Importa salientar que não se pretende com o presente artigo discorrer acerca de todas as alterações normativas introduzidas através da Lei 13.146/15 (Lei Brasileira de Inclusão da pessoa com deficiência – Estatuto da pessoa com deficiência), tampouco explorar e esgotar os efeitos e consequências das relações jurídicas em que figurem a pessoa com deficiência. O objetivo precípuo, o qual se almeja é despertar no leitor a possibilidade de “se deixar permitir”, de modo a enxergar as inovações legislativas sem o caráter estigmatizante e pré-constituído de que a pessoa com deficiência é incapaz através de uma presunção absoluta, impedindo desta forma, a eficácia da referida Lei.

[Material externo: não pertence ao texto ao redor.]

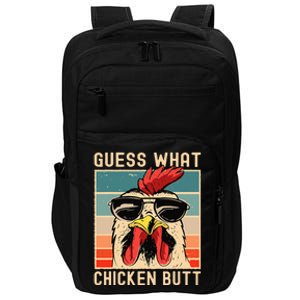 Chicken Meme Design Guess What Chicken Butt Impact Tech Backpack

Com o advento do Estatuto, considerada a amplitude do alcance de suas normas, houve uma significativa e profunda mudança, cujos efeitos e reflexos poderão ser percebidos nos mais variados setores do conhecimento jurídico. No que tange ao sistema da incapacidade civil, temática que se propõe abordar, nota-se, ao menos, à primeira vista, uma certa inquietude dos estudiosos civilistas.[1]

Ressalte-se que as hipóteses de incapacidade absoluta e relativa (artigos 3º e 4º do CC/02), foram redefinidas, de modo a excluir do rol de incapazes as pessoas com deficiência mental.[2]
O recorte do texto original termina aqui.